The Caribbean Telecommunications Union (CTU) has teamed up with US-based research firm Packet Clearing House (PCH) to advise the Caribbean governments how to bolster broadband infrastructure in the region. At a recent symposium held in St Vincent, PCH has suggested that Caribbean governments must increase the number of local Internet exchange points (IXP) as a first step to increase the Internet speed in the island nations.
An Internet exchange point is a physical infrastructure through which Internet service providers(ISPs) exchange Internet traffic between their networks. Experts say IXPs ease the movement of data on the network and thereby reduce the average per-bit delivery cost of their service.
“There are over three hundred internet exchange points across the world, but only a handful thus far in the Caribbean region. This has to change if local consumers are to benefit from a faster experience for domestic online services,” said Bevil Wooding, a consultant with Packet Clearing House.
“IXPs are catalysts for internet-based economic activity and the development of local content. They are considered fundamental to internet growth and development.”
The consulting firm is meeting officials in St Lucia and in St Vincent and the Grenadines to help them figure out how they can make use of advanced technology to improve the telecom infrastructure. The Telecom Union (CTU), on the other hand, is organizing workshops in each country to create awareness about the benefits of establishing an IXP for the local Internet network.
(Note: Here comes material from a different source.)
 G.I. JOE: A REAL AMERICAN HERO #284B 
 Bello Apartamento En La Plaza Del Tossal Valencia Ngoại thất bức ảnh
Analysts say the proliferation of IXPs could speed up the delivery of Internet-based services such as video conferencing, voice of IP, data backup and online gaming. The initiative to bolster the broadband network is backed by the World Bank. Nevertheless, there are information as to how much money the international bank is lending for the initiative.
Strengthening the telecom infrastructure is critical to the Caribbean, where governments are pinning hopes on online sector to generate jobs and reverse economic fortunes. According to reports, unemployment is high in most of the countries.
The initiative is part of the Caribbean Regional Communications Infrastructure Program (CARCIP) and is funded by the World Bank.